Selecting the Correct Torque Range— For the most accurate performance, the maximum torque you're applying should fall near the middle of the tool's torque range. For example, if you're applying 50 ft.-lbs. of torque, it would be better to choose a wrench with a range of 5 to 100 ft.-lbs., rather than a range of 5 to 50 ft.-lbs.
Accuracy— Accuracy is usually given for 20-100% of a tool's torque range. For example, if the torque range is 20 to 120 in.-lbs., the accuracy statement is true for measurements between 40 and 120 in.-lbs. Below 20% of the torque range, the tool's accuracy often drops off significantly.
Manual Tools vs. Power Tools— Hand torque tools apply a specific amount of torque and, in some cases, check the amount of torque on a fastener. Power tools, such as impact wrenches and power screwdrivers, usually apply a range of torque on the fastener being tightened and are not intended for applying a specific torque.
Types of Torque Tools— Electronic tools are the most accurate.

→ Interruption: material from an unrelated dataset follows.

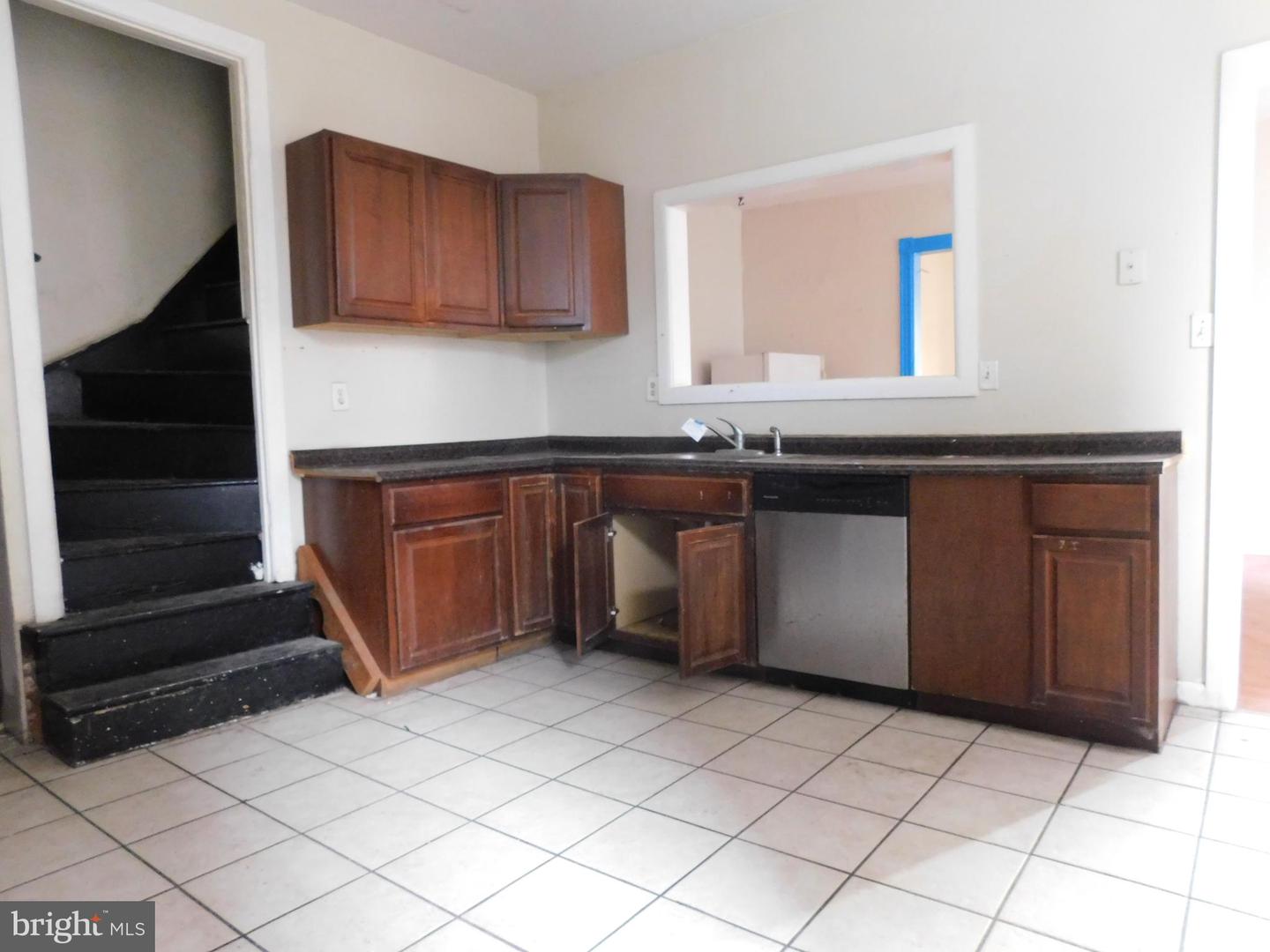 5035 Cedar Ave Property Photo 12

Readings can be downloaded into printers, PCs, and dataloggers. Adjustable tools let users set the torque value. Preset tools have the torque set at the factory. Click-style tools signal when torque setting is reached with an audible click that you feel in the grip and a momentary release. Torquing after the signal will cause overtorquing. Torque-limiting tools slip to prevent overtorquing, then won't apply torque again until reset. Flat-beam wrenches are the most accurate nonelectronic torque tools. Round-beam wrenches are the most economical torque tools. Dial tools have a circular scale for monitoring torque as it's being applied.
Certificates of Calibration— Torque tools are calibrated by the manufacturer and a certificate provides proof of calibration and the date it was completed. Shelf life does not affect the calibration of a torque tool. Common practice is to begin the calibration life at the date of purchase or first use.
Conversions— The chart below shows how to convert between some of the units used to measure torque. Nm = Newton meters; dNm = deci Newton meters; cNm = centi Newton meters.
That's too much like work. I just set my "clicker" and wait for the click. Your info is EXCELLANT, but that much calculating would make my brain itch. :stick
Good Stuff bro!
At driver's school they pound it into you, get one that clicks and only let it click once, more then that you might be screwing up the calibration. I have also heard that after a year or two you should get the wrench calibrated to keep it acurate.
Also in the case that "clicker" comes with is calculator to use if you are using extensions. IE 20lbs torque with 6" extension - set at (x) torgue instead of 20. If you get a Craftsman (lifetime warranty) just take back for new one.
Just wait for the click. Wut's more difficult than that?